Which is exactly the point.
Asserts are there to help you catch bugs. And because they are removed in release builds, we can afford to put a lot of them in without worrying about performance. If you're not there to actually act on any failed assertions, they become worthless, so we might as well remove them.
Even catching the error and throwing an exception isn't really a solution. The program logic is flawed, and even if we handle the exception, the program is still broken.
What asserts basically boil down to is "Why bother catching errors you can't handle?"
Some errors must be caught during development. If they slip past testing and into the release build used by a customer, the program is just broken, and no amount of runtime error-checking is going to fix it.
I never got the idea of asserts -- why should you ever use them?
I mean, let's say I were a formula driver and all the asserts were things like security belt, helmet, etc.
Yes, that's a good example of when not to use an assert. These are things that might actually go wrong at runtime, and which need to be checked. Your formula one driver might forget some security precaution, and if he does, we want to halt the whole thing before anyone gets hurt.
But what about the check to see that the engine is installed? Do we need to check that during the race?
Of course not. If we get into the race without an engine, we're screwed, and even if we detect the error, it's too late to do anything about it.
Instead, this is an error that must be caught during development or not at all. If the designers forget to put an engine in their car, they need to detect this error during development. That's an assert. It's relevant to the developers during development, but afterwards, the error must not exist, and if it does, there's nothing we can do.
That's basically the difference. An exception is there to help the user, by handling errors that can be handled.
An assert is there to help you, by alerting you to errors that must never occur in the first place, that must be fixed before the product can be shipped. Errors that do not depend on user input, but on your code doing what it is supposed to do.
The square root of four must never evaluate to three. The error is simply impossible. If it does occur, your program logic is just broken. It doesn't matter how much error handling we wrap around it, it's something that must be caught during development or not at all. If we used exception handling to check for this error and handle it, what is the exception going to do? Tell the user "the program is fundamentally broken. Don't ever use it"?

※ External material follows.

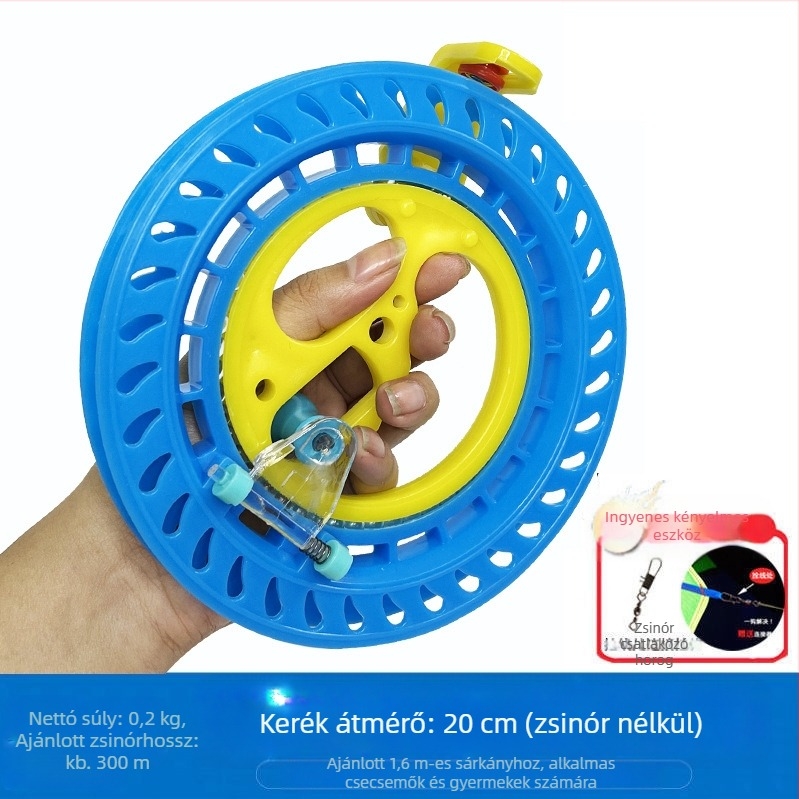 Új, könnyen kezelhető, önzáró, visszaforgásgátlós, felnőtt csapágyas, gyermekeknek való repülő kézi kerék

An email from the developer could have achieved that. Why bother building it into the program code? That's an example of a problem that simply must not occur. If it does, we have to go back and fix the program. No other form of error handling is possible.
But some errors, like being unable to open a file for reading, are possible. Even though it might be a bad thing if it happens, we have to accept that it can happen. So we need to handle it if it does.
Asserts are for catching the errors that can't possibly happen.